If we are already familiar with GANs and know how they work, continue through this article, but if not, it's recommended to check out this blog post first.

Gan Improvements

Image source

In this section, We will learn about GAN improvements. We will see how GANs have advanced over time. In the figure above we can see a visualization of the rate at which GANs have improved over the years.

StyleGan3 is the king in image generation, it beat other GANs out of the water on quantitative and qualitative evaluation metrics, both when it comes to fidelity and diversity.

Because of these papers and others, GANs have advanced largely from improved training, stability, capacity, and diversity.

ProGAN Overview

In this section, we will learn about ProGAN's relatively new architecture that's considered an inflection point improvement in GAN. We will go over ProGAN's primary goals and get an introduction to its architecture in individual components.

ProGAN goals

  • Produce high-quality, high-resolution images.
  • Greater diversity of images in the output.
  • Improve stability in GANs.
  • Increase variation in the generated images.

Main components of ProGAN

Traditional Generative adversarial networks have two components; the generator and the discriminator. The generator network takes a random latent vector (z∈Z) and tries to generate a realistic image. The discriminator network tries to differentiate real images from generated ones. When we train the two networks together the generator starts generating images indistinguishable from real ones.

In ProGAN the key idea is to grow both the generator and discrimination progressively, The generator starts with learning to generate a very small input image of 4x4, and then when it has achieved that task, where the target images look very close to the generated images so the discriminator can't distinguish between them at this specific resolution, then we update it, and the generator generates 8x8 images. When it's finished with that challenge, we upgrade it again to 16x16, and we can imagine this continuing until eventually reach 1024 x 1024 pixel images.

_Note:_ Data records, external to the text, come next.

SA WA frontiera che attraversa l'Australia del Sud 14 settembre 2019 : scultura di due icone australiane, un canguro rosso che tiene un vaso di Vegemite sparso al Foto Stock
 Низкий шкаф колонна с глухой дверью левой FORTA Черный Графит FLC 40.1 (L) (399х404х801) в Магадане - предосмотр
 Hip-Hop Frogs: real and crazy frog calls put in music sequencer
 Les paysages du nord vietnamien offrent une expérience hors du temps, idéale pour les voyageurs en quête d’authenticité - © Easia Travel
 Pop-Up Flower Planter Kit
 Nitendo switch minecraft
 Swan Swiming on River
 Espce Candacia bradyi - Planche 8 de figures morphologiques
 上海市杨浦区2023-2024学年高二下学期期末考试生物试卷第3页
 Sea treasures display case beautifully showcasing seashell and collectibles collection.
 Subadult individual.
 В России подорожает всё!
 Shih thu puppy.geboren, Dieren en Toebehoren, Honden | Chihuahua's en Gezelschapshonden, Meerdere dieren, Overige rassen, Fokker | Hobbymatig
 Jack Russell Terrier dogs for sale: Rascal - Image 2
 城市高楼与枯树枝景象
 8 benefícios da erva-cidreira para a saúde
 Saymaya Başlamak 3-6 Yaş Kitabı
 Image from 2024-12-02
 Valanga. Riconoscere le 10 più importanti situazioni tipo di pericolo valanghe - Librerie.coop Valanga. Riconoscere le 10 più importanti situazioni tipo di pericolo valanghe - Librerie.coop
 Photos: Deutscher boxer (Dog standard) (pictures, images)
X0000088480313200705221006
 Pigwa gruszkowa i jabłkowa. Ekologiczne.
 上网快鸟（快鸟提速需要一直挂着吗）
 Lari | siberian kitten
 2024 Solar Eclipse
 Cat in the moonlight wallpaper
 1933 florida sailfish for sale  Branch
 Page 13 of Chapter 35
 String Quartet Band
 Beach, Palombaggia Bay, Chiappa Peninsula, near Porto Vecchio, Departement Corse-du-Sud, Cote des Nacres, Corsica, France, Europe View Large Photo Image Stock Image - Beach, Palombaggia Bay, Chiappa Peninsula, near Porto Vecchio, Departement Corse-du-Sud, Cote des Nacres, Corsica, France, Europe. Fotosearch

This idea just makes sense because it's similar to the way that we learn. If we take mathematics, for example, we don't ask on day 1 to calculate gradients; we start from the foundation doing simple addition, and then we are progressively grown to do more challenging tasks. This is the key idea in ProGAN, but additionally, the authors also describe several implementation details that are important and they are Minibatch Standard Deviation, Fading in new layers, and Normalization (PixelNorm & Eq. LR). Now let's get a deeper dive into each of these components and how they work.

Progressive Growing

In this section, we will learn about progressive growing, which is the key idea of ProGAN. We will go over both the intuition behind it as well as the motivation and then we will dive a little bit deeper into how to implement it.

First off, progressive growing is trying to make it easier for the generator to generate higher resolution images by gradually training it from lower resolution images to higher resolution images. Starting with an easier task, a very blurry image for it to generate a 4x4 image with only 16 pixels to then a much higher resolution image over time.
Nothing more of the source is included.